Pick a reistor that's half as large (5K), and you expect the current to double (1.68 mA)

Pick a resistor that's 10 times smaller (1K), and you expect the current to get 10 times bigger (8.4 mA)

Pick R_new= (1/a)*R_start, and expect the current to get a times bigger.

Etc.

phillyj in reply to Jack A LopezAug 15, 2009. 4:27 AM

And you would stop this when, visually, the LED doesn't increase in brightness?

Jack A Lopez in reply to phillyjAug 15, 2009. 8:54 AM

This is a good question. You stop increasing the current before you get scared that it might be too much.

For a random plastic LED in a T1 or T1+3/4 case, I think 5 mA is a good conservative limit. Or set the limit at 10 mA, if you like to live on the "edge". Recall the LED from my previous example that drew 0.84 mA in series with a 10K resistor. If I want to the current to be 5 mA, that's about 5 or 6 times more current, so I want a resistor thats 5 or 6 times smaller than 10K. Suppose the resistors I happen to have in my collection that are close to this are:
2.2 K = 10K/4.5454 ==> I = 4.5454*0.84 mA = 3.81mA
1.5 K= 10K/6.6666 ==> I = 6.6666*0.84 mA = 5.60 mA

So if I were being strict about my 5mA limit, I guess I'd have to choose the 2.2K resistor.

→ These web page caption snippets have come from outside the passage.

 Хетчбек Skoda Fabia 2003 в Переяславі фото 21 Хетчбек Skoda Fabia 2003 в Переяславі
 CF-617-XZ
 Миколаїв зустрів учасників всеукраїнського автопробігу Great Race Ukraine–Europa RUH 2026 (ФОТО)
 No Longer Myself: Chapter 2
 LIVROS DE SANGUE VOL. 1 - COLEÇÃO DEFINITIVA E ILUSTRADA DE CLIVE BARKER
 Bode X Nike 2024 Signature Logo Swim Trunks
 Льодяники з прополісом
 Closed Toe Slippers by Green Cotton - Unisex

BTW you can probably afford to burn up (over current) some LEDs, just to see what it does. They can turn interesting colors, like incandescent orange, the actual color of something burning, but only briefly, and only once.

You said these LEDs were "salvage", right? To me that means found, via dumpster diving, junk given to you by a friend, basically free, like manna from heaven. Thus burning up a few of them is not a big deal anyway.

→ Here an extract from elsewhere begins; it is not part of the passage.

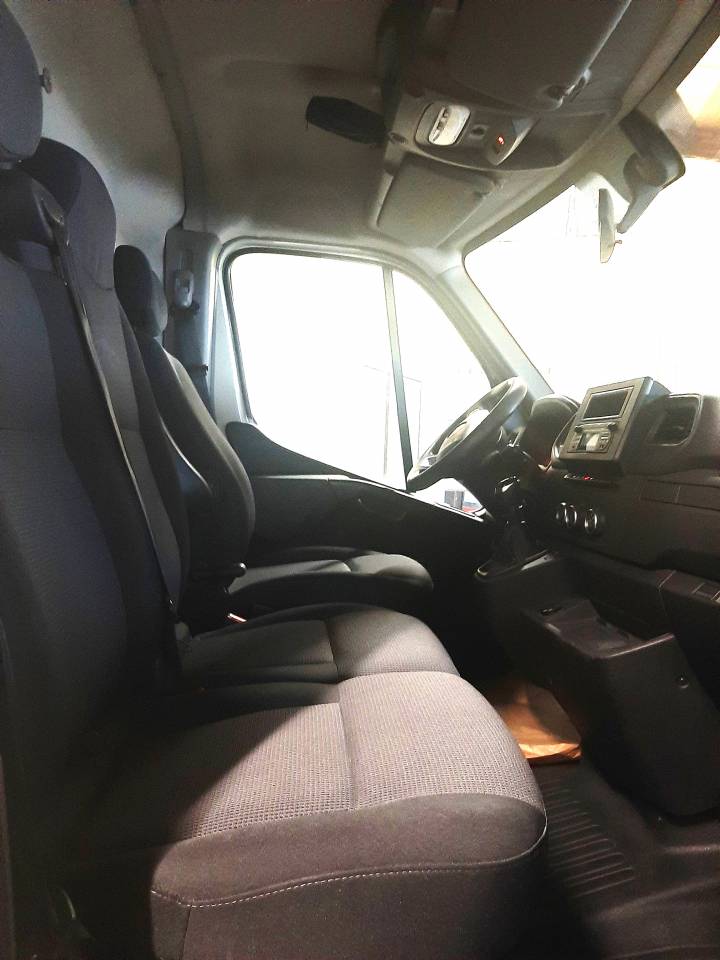 Renault Master 145cv couchette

BTW throughout this example, I have assumed that these "salvage" LEDs of yours are the cheap kind. LEDs designed to handle more current (e.g.100s of mA or more) are physically different in appearance. They are physically larger, the case is water-clear, and they have large heat sinks, or a die made for mounting to a large heat sink.

As an example of one of these "beefier" LEDs, the attached pic shows a 3 watt (800 mA @ 3.6 V) white, LED mounted inside an aluminum enclosure that used to be a 5oz can of "Vienna Sausages" in its former life.

rickharris says: Aug 14, 2009. 7:06 AM

A nice description.

http://led.linear1.org/1led.wiz will do the calculations for you for a single LED

http://led.linear1.org/led.wiz will calculate the array for many LEDs drive from the same power source (much harder for many to work out.

snoopy2 says: Aug 14, 2009. 4:38 AM

Go to besthongkong.com to get resistor info on 12vdc values, but do not ever
use 1/4 watt resistors as they tend to heat up, always use @ least 1/2 watt.
Don't need to go to site, as here are the values:
First, LED'S need to be in series - + - + etc, longer lead is +, Can put resistor on end of either -/+ but electronically speaking - is where it should be placed 'cause
electrons actually go there 1st.
LED COLORS - -W,B,G,Cyan/Aqua, B/G color changing:
LED#s 1= 470ohm, 2=270, 3=100 USE NO MORE THAN 3 IN CIRCUIT!
COLORS-- R,Y,Amber, Orange; #'s 1=560, 2=390, 3=330, 4=220, 5=100
USE NO MORE IN CIRCUIT..... Problem with household led bulbs - they're using even smaller than 1/4 watt resistors, and resistors are burning up, appearing as burnt out leds, while it's the circuit actually burnt up. If you want to use the led's that are inside the bulb, being extremely safe, break lightbulb, unsolder all leds
now u have a bunch of leds! Manufacturers have finally found out about not using resistors in circuit, and soon we will have the EXTREMELY CHEAPEST way of lighting a house, Flourescent is cheaper than incandescent, led lighting is BY FAR Cheaper than any known lights, as they use negligable amounts of elec. 'DA , 'DA', THAT'S ALL FOLKS.... NOT REALLY
As Christ gave all Grace, I pray Peace and Love be unto ALL - - -
God's slave, Servant to ALL Ron Spears a.k.a. snoopy2@live.com
Official Jesus freak

Uncle Kudzu says: Aug 13, 2009. 8:39 PM

thanks! this looks like good information for those of us trying to fathom all the great LED instructables here. i'm motivated to try out some of the bike light projects and your 'ible will doubtless come in very handy!